Spencer Barnes wrote:
Hello,

I can change the g0/0 interface to 10.0.128.66 255.255.255.252 and assign the 
other interface g0/1 10.0.128.96 255.255.255.224 but then I lose a bunch of 
external IPs.

Only with proxy-arp.

Your provider has put that subnet on the wire. Seems like they want to add 60 more macs to their devices mac tables.

Go explain to them, route where you can bridge where you must.

And get at minimum a /29 for a barrier/transit segment, aside from the range you will route/nat/loopback how you see fit. Public routed is best for you, but either will work for this purpose.


Is there a better way to do this so I can use all the IPs in the range?

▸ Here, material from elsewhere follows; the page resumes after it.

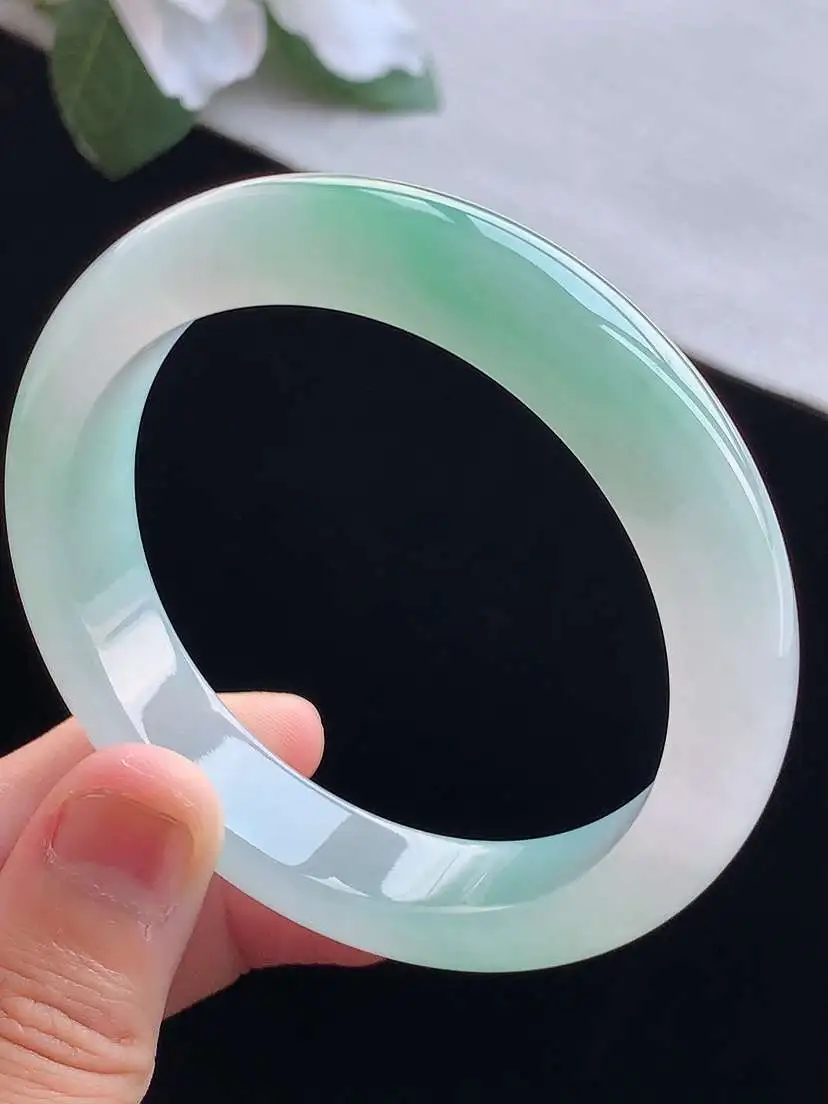 a货翡翠老坑冰种飘绿正装正圈手镯55-56圈口  尺寸55.8×12.4×8mm 重量58.49g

So you would be breaking it down like this

/30 on external interface
/30 for loopbacks on the router
/29 secondary internal subnet, loses 3 addresses
/28 secondary internal subnet, loses 3 addresses
/27 secondary internal subnet, loses 3 addresses

network takes 17, other devices = 47

that compares to /26 bridged/static-nat

gateway, network, broadcast, your gateway = -4, other devices = 60

With a difference of a dozen available addresses so critical to you, I doubt a /26 provides you with what you need anyways.

Sounds like you are currently multi-homed, apply to either ISP for a /24 for BGP or directly to ARIN.

Or bridge and nat. Or use vrf's, or multiple routes with static routes and nats and (again) proxy arp.